Они работали у нас каждое лето в саду, и весной, собираясь на дачу, я заранее радовалась встрече с ними. За год до продажи нашей дачи старуха сказала мне: «И мы к вам не поедем больше работать, шабаш. Девку просватали, замуж идет. Прощевайся со своей подруженькой».
Всей прислуги у нас, с двумя дворниками, оставшимися в Москве, было человек двадцать, не считая их детей. И всем этим штатом единовластно управляла моя мать. Я не помню, чтобы отец во что-нибудь вмешивался, кроме разве своей конюшни. Был у нее и управляющий, тот самый «министр двора», как называла его мать. Но это был безличный, безгласный исполнитель материнских распоряжений. Мать принимала у него счета и проверяла их каждый день. Но сама вникала во все и всем распоряжалась. Она нанимала и рассчитывала прислугу, — правда, уходила прислуга редко, жила много лет у нас, — распределяла их занятия, следила за исполнением работ. Всегда сама разбирала возникавшие между ними недоразумения. И все это быстро, решительно, без лишних слов.

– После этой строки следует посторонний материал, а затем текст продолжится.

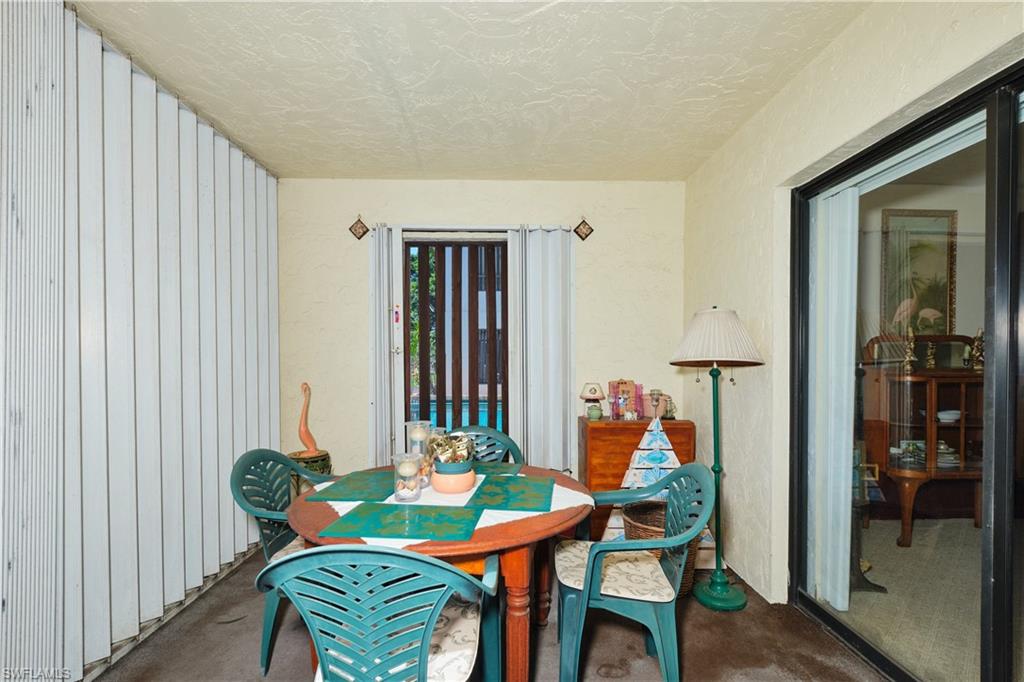 4728 Orange Grove Blvd 3 Property Photo 28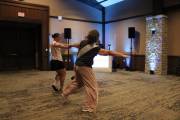34-IMG_8765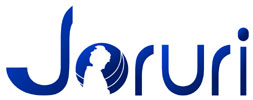 Joruri-logo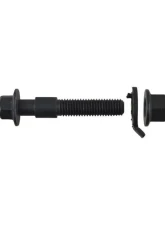 ProForged Camber Bolt Kit Ford Mustang 2005-2014                                     - 135-10001 - Image 2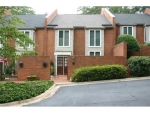 Unit 65 - 65 Willow Glen Ne Atlanta, GA 30342 - Image 5342643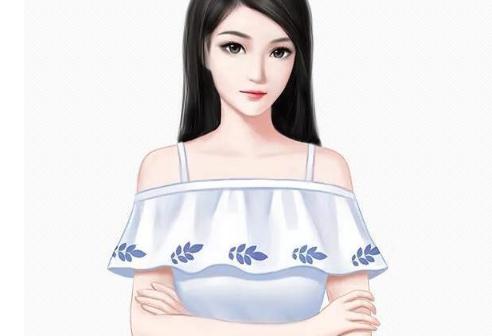 多肉质量好的现言17部(文笔好肉肉又多的现言小说) 多肉质量好的现言17部(文笔好肉肉又多的现言小说)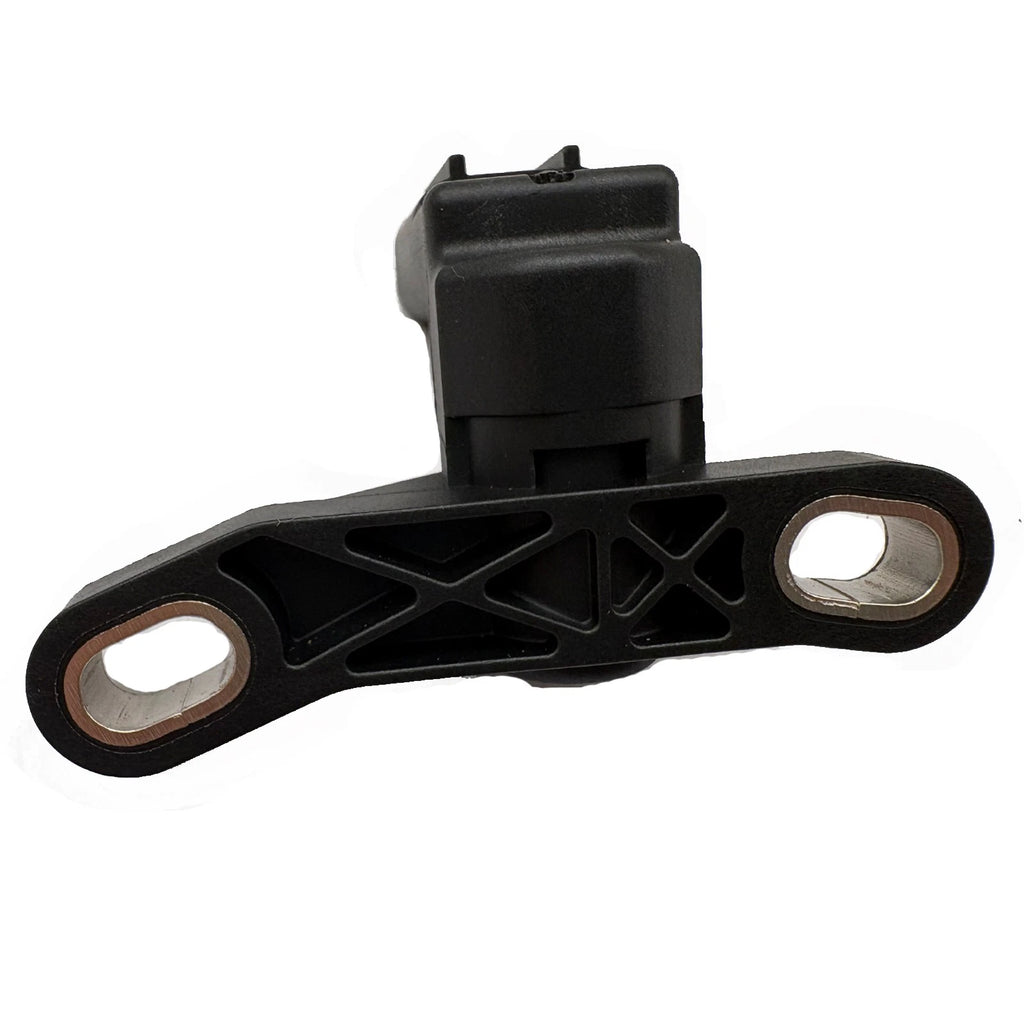 Crankshaft Position Sensor for Mazda 3 5 6 CX-7 MX-5 Miata (PC733 L3G218221)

В доме у нас царил образцовый порядок, все делалось вовремя, без суеты и крика, как в нашей детской жизни, так и в жизни нашей прислуги. Ребенком я думала, что все делается само собой и что иначе не может быть. Когда мы летом шли брать ванну, мы проходили буфетной, там Гриша всегда в это время чистил медную посуду — самовары, тазы. В девичьей — за ней была ванная комната — Марья Львовна, нагнувшись над столом, кроила что-то или заготовляла шитье. Матреша строчила на ножной машине, горничные Дуня и Поля, прибрав все комнаты, сидели тут же и шили на руках, подшивали или подрубливали. Наша няня приготовляла ванну: разводила при нас в ней куски морской соли, и мы садились в нее ровно в одиннадцать часов. Затем мы бежали в сад, куда нам на тарелке приносили кусочки сырого мяса на черном хлебе, посыпанном солью. Это было куда приятнее рыбьего жира, который мы должны были глотать зимой. Ровно в двенадцать раздавался звон небольшого колокола, подвешенного на дворе, и в девичьей складывалась работа, и все шли в людскую обедать. Сидели за столом не долго. Ели они мясные щи с кашей, или лапшу, или картофельную похлебку, всегда с мясом.